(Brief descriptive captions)
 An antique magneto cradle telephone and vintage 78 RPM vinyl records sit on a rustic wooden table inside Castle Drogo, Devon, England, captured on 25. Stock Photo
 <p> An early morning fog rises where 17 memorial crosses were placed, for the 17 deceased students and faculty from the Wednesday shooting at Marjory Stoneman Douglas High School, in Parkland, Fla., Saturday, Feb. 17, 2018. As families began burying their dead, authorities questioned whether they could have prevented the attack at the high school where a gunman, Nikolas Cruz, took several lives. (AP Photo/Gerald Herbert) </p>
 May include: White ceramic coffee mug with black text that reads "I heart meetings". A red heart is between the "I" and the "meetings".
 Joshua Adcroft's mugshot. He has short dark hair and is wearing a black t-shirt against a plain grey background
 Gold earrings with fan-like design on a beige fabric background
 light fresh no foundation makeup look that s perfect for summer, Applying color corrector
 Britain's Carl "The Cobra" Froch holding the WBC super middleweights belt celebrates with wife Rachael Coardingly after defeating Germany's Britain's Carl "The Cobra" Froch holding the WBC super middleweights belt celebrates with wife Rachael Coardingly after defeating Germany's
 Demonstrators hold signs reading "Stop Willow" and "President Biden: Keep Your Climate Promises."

Try it: Only these are to be transcribed: the line with "<p> An early" and every line after it through the last line of the entries, each exactly.

Exercise output:
 <p> An early morning fog rises where 17 memorial crosses were placed, for the 17 deceased students and faculty from the Wednesday shooting at Marjory Stoneman Douglas High School, in Parkland, Fla., Saturday, Feb. 17, 2018. As families began burying their dead, authorities questioned whether they could have prevented the attack at the high school where a gunman, Nikolas Cruz, took several lives. (AP Photo/Gerald Herbert) </p>
 May include: White ceramic coffee mug with black text that reads "I heart meetings". A red heart is between the "I" and the "meetings".
 Joshua Adcroft's mugshot. He has short dark hair and is wearing a black t-shirt against a plain grey background
 Gold earrings with fan-like design on a beige fabric background
 light fresh no foundation makeup look that s perfect for summer, Applying color corrector
 Britain's Carl "The Cobra" Froch holding the WBC super middleweights belt celebrates with wife Rachael Coardingly after defeating Germany's Britain's Carl "The Cobra" Froch holding the WBC super middleweights belt celebrates with wife Rachael Coardingly after defeating Germany's
 Demonstrators hold signs reading "Stop Willow" and "President Biden: Keep Your Climate Promises."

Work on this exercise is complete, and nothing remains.